Given these entries, repeat exactly the lines starting with the one that has "Red pipe wrench" and going on through the one that has "FLiCKA 2Pcs Makeup", both included, but none of the pictures.

(Captioned web image data)
_ _ _ _ _
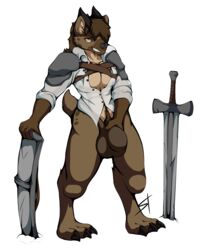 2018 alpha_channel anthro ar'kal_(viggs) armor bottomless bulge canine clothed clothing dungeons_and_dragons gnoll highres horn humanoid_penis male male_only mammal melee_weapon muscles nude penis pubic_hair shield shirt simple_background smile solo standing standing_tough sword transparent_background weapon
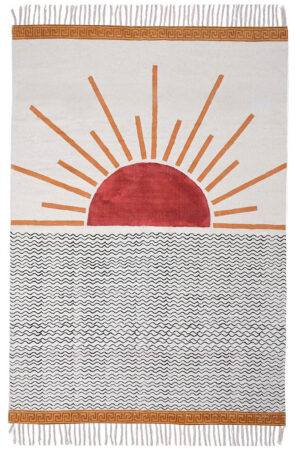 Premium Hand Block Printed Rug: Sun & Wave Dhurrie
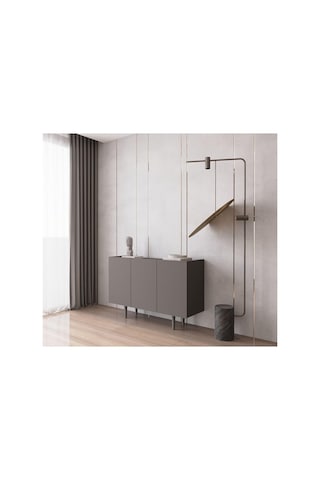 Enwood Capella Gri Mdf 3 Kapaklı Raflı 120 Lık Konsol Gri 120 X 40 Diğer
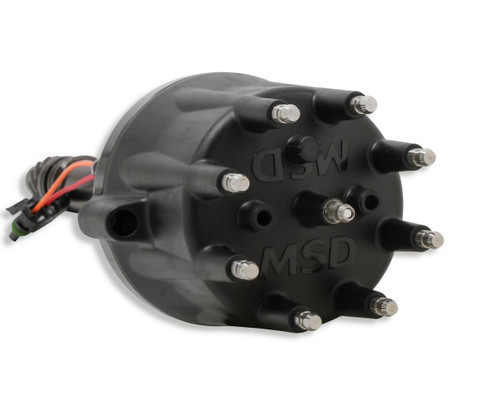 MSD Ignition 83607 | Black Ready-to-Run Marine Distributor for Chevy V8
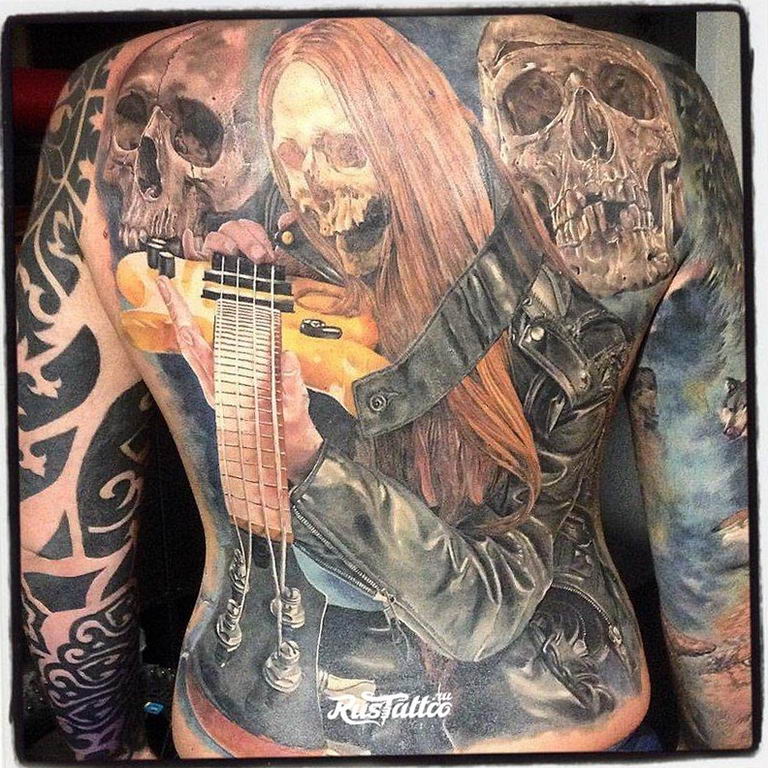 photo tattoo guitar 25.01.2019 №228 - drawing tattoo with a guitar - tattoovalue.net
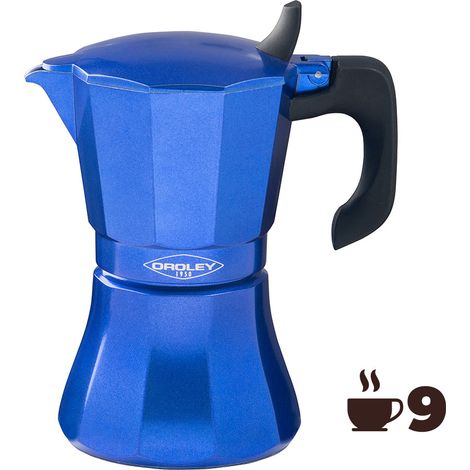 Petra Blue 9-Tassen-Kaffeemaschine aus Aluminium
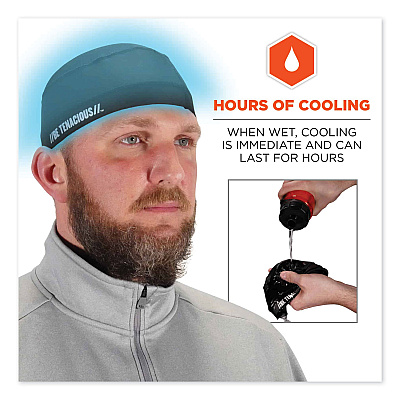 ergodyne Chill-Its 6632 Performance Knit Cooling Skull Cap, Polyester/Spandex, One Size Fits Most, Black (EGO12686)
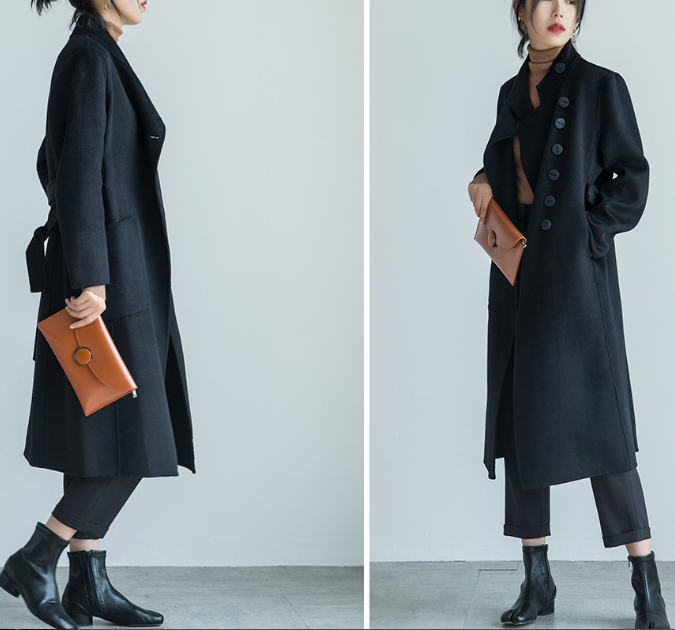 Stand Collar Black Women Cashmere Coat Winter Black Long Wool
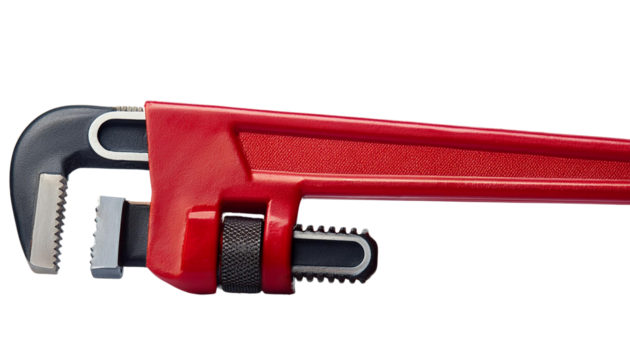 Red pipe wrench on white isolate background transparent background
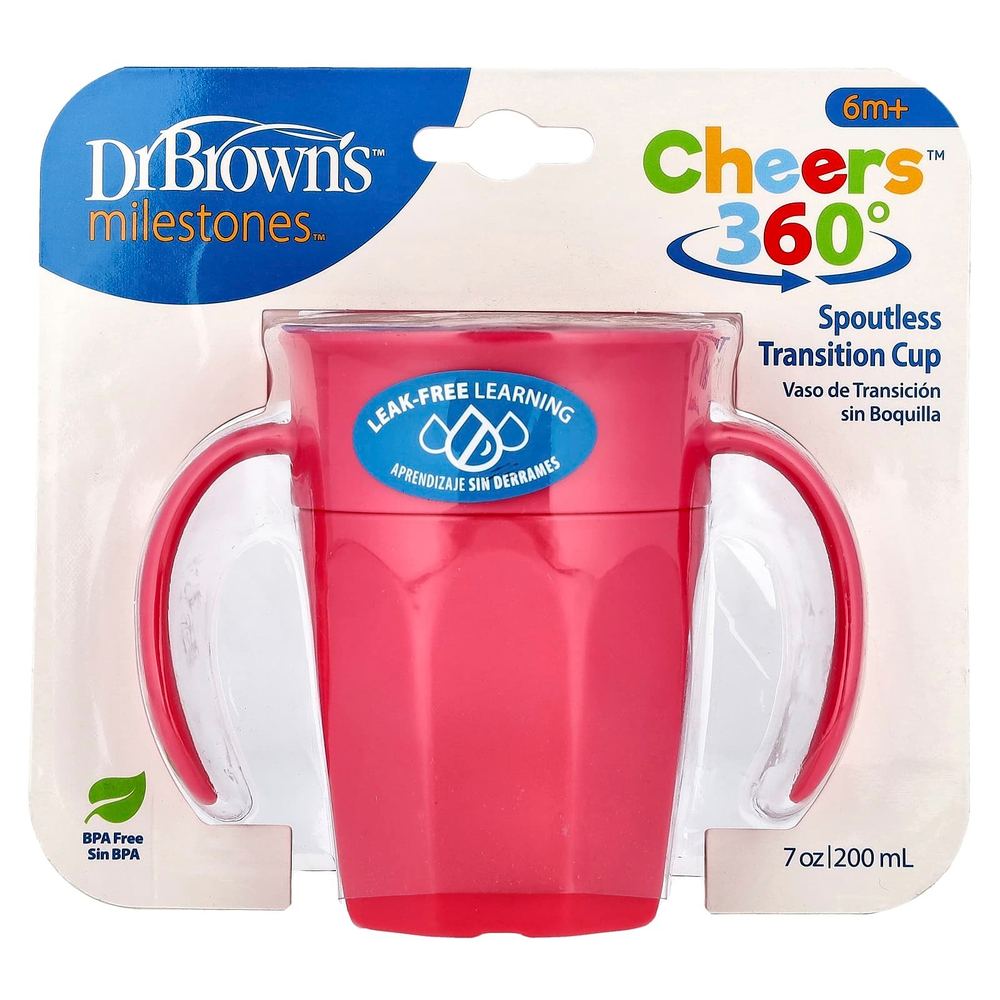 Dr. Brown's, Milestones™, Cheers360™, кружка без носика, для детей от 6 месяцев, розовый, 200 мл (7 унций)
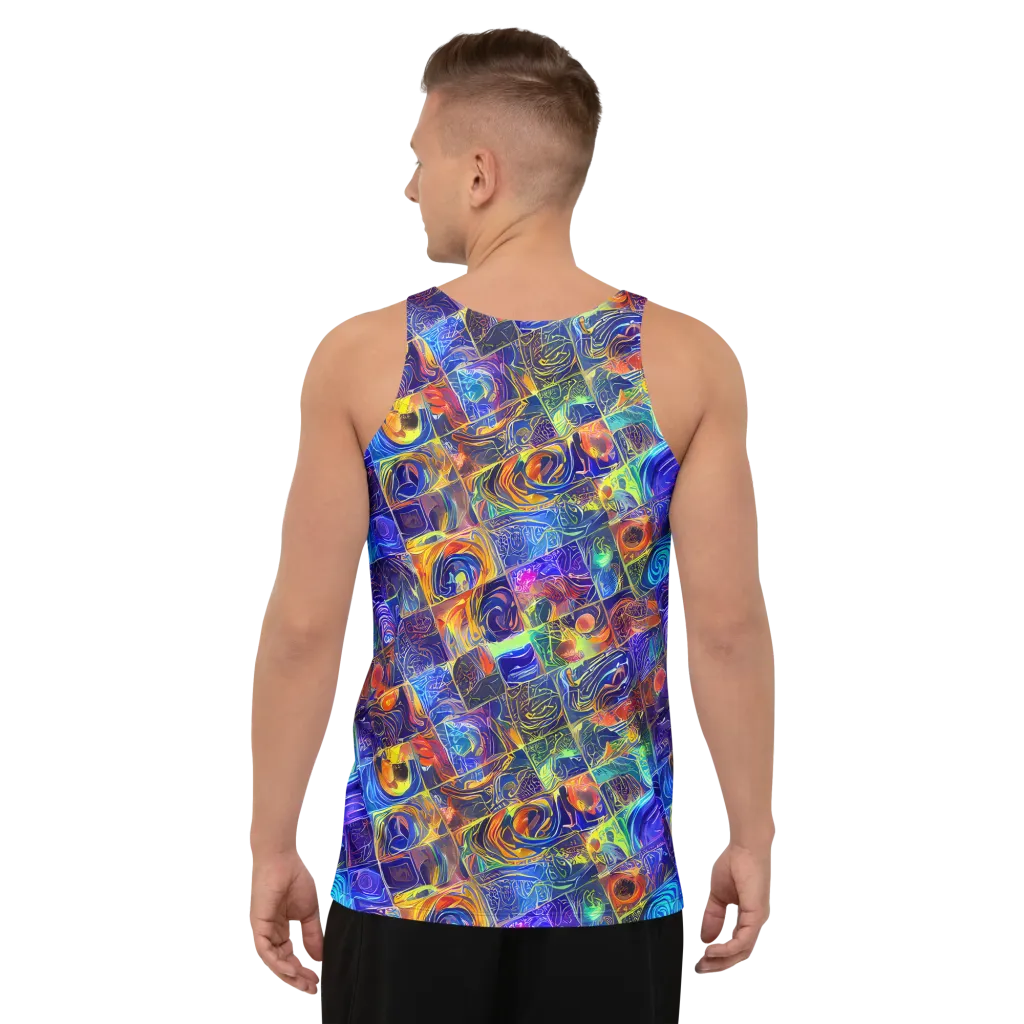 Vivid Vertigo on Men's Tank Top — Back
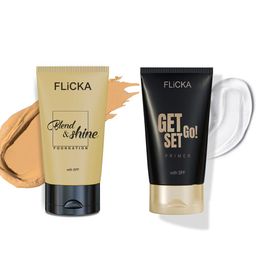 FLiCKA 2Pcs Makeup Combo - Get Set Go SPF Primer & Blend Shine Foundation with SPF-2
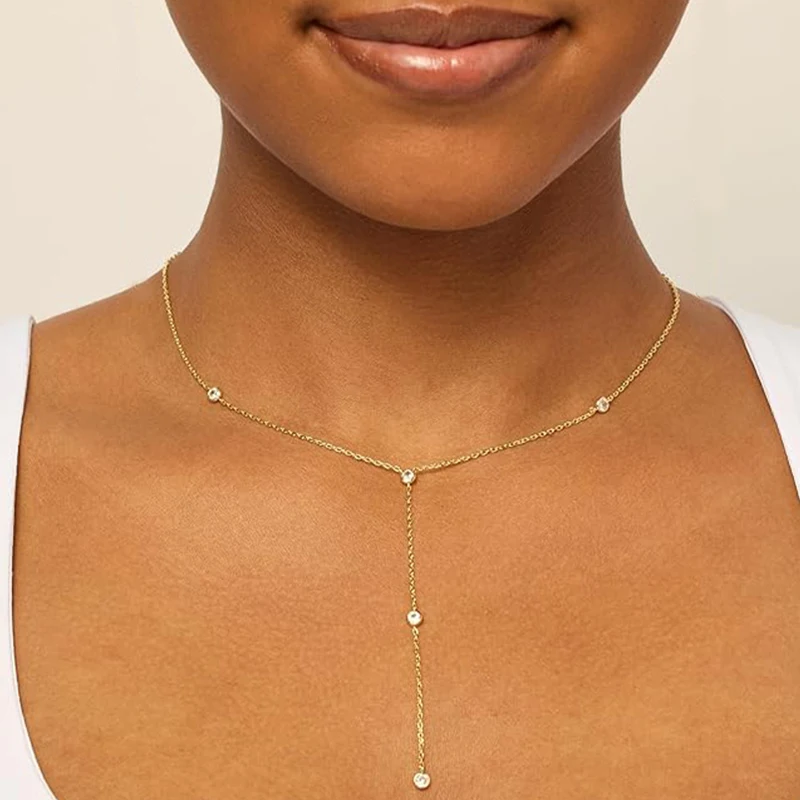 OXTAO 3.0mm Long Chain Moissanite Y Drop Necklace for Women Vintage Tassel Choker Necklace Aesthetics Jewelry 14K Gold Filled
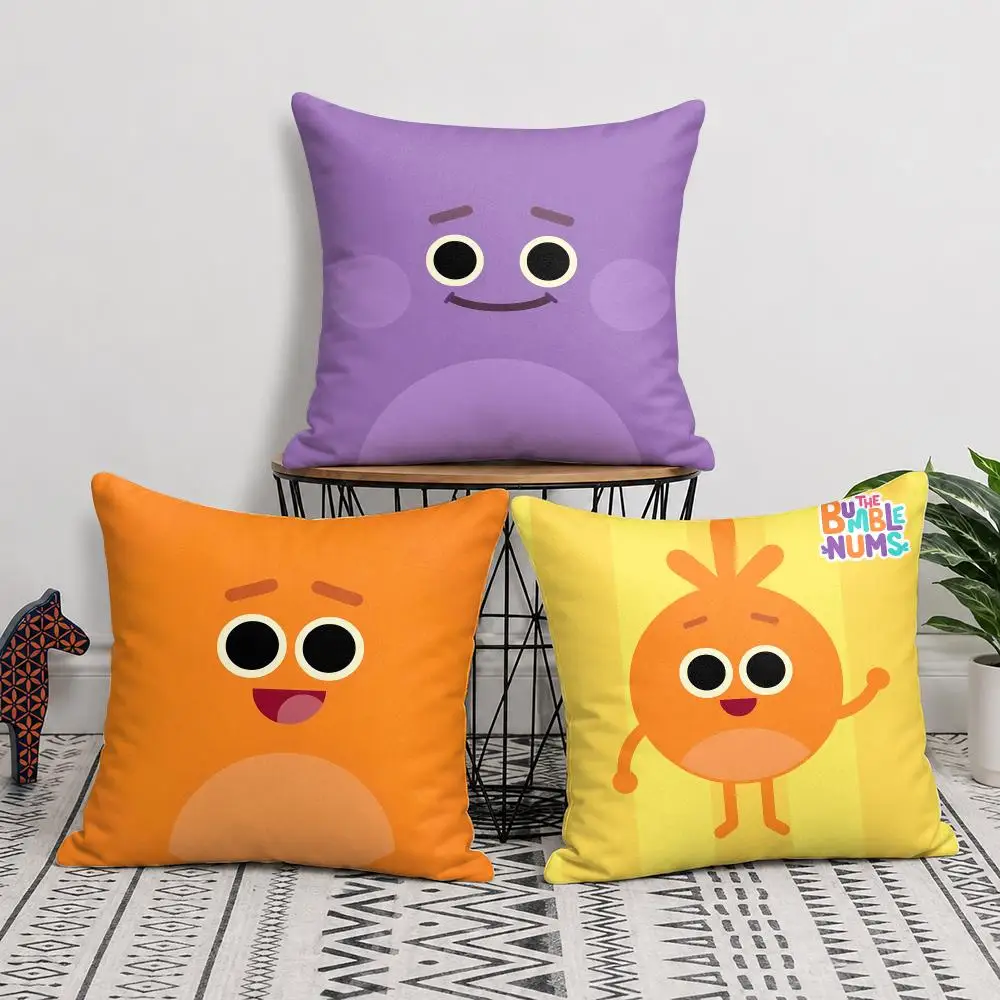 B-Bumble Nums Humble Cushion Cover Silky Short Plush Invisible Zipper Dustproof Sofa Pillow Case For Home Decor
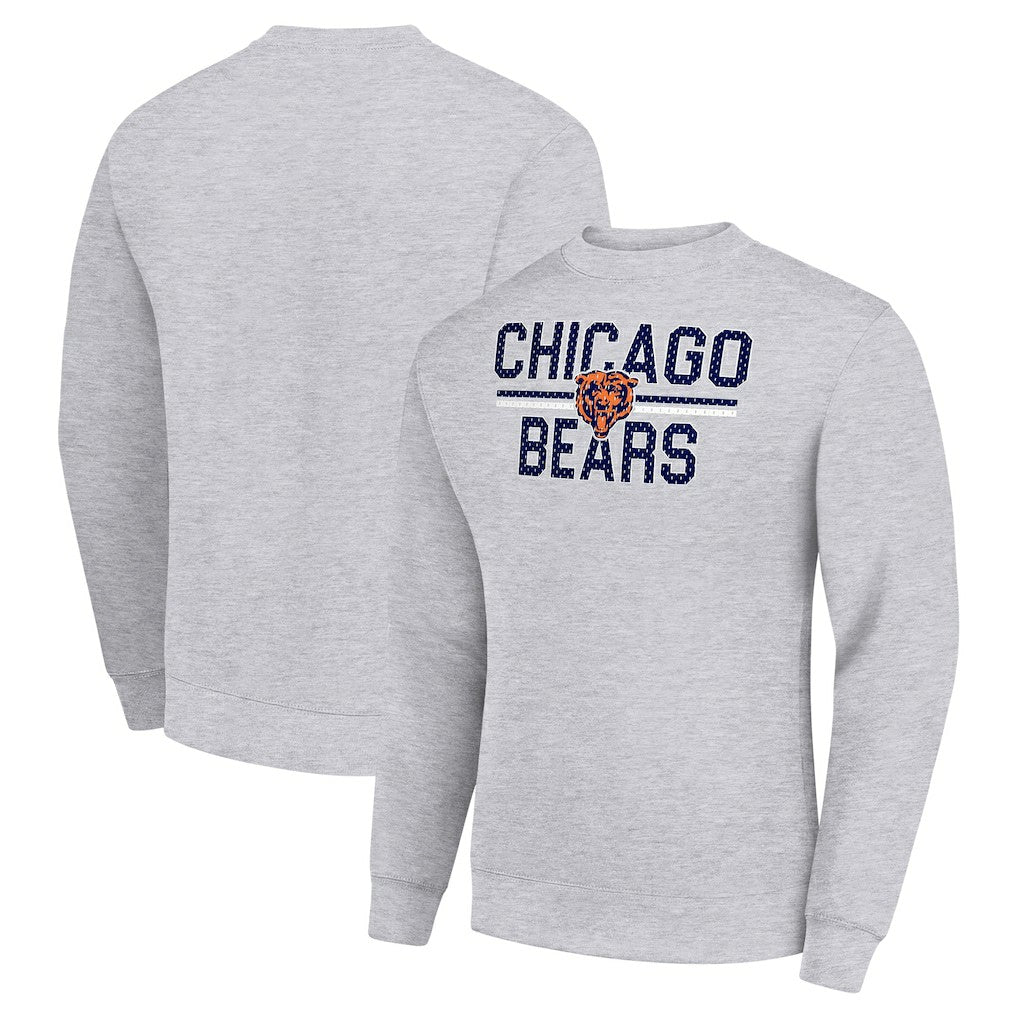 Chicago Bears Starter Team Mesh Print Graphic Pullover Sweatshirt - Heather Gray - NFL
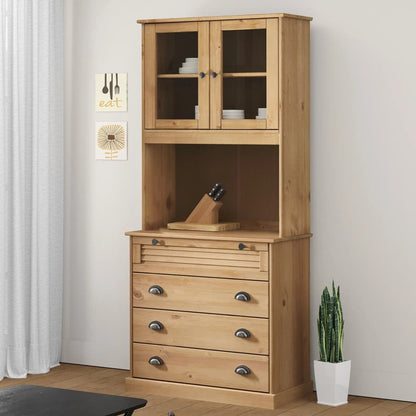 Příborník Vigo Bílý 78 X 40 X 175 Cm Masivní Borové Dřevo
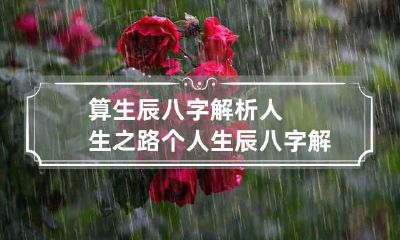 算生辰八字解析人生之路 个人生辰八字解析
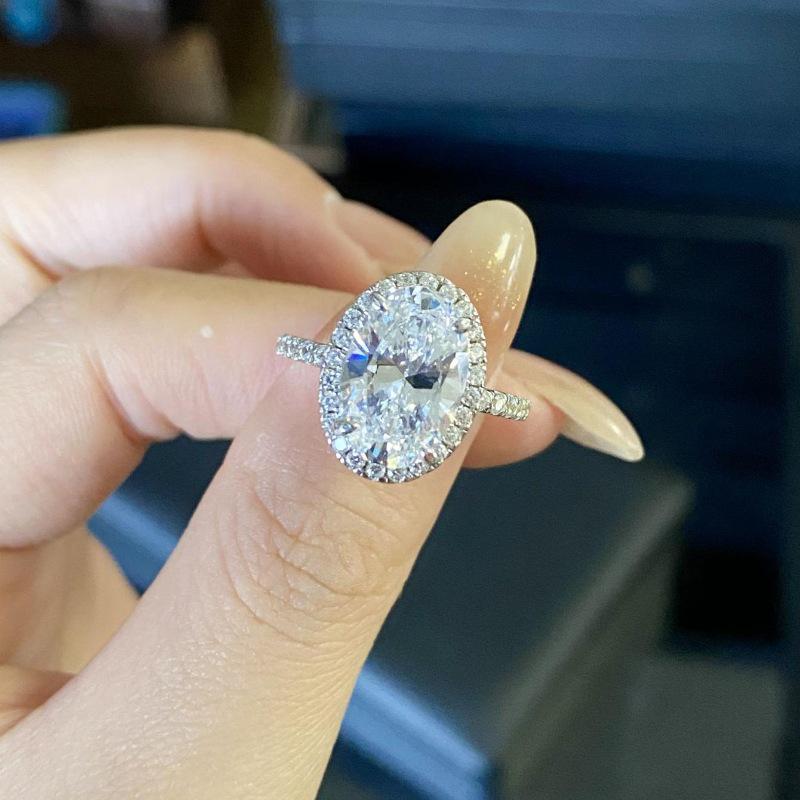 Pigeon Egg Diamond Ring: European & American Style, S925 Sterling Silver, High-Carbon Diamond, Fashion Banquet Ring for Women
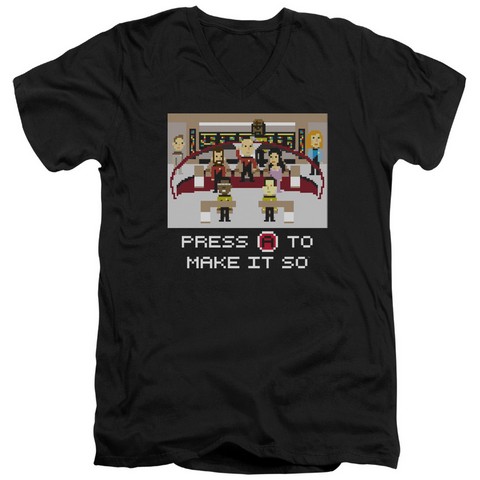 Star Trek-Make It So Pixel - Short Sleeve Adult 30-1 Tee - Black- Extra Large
_ _ _ _ _
> **Result for this task**:
 Red pipe wrench on white isolate background transparent background
 Dr. Brown's, Milestones™, Cheers360™, кружка без носика, для детей от 6 месяцев, розовый, 200 мл (7 унций)
 Vivid Vertigo on Men's Tank Top — Back
 FLiCKA 2Pcs Makeup Combo - Get Set Go SPF Primer & Blend Shine Foundation with SPF-2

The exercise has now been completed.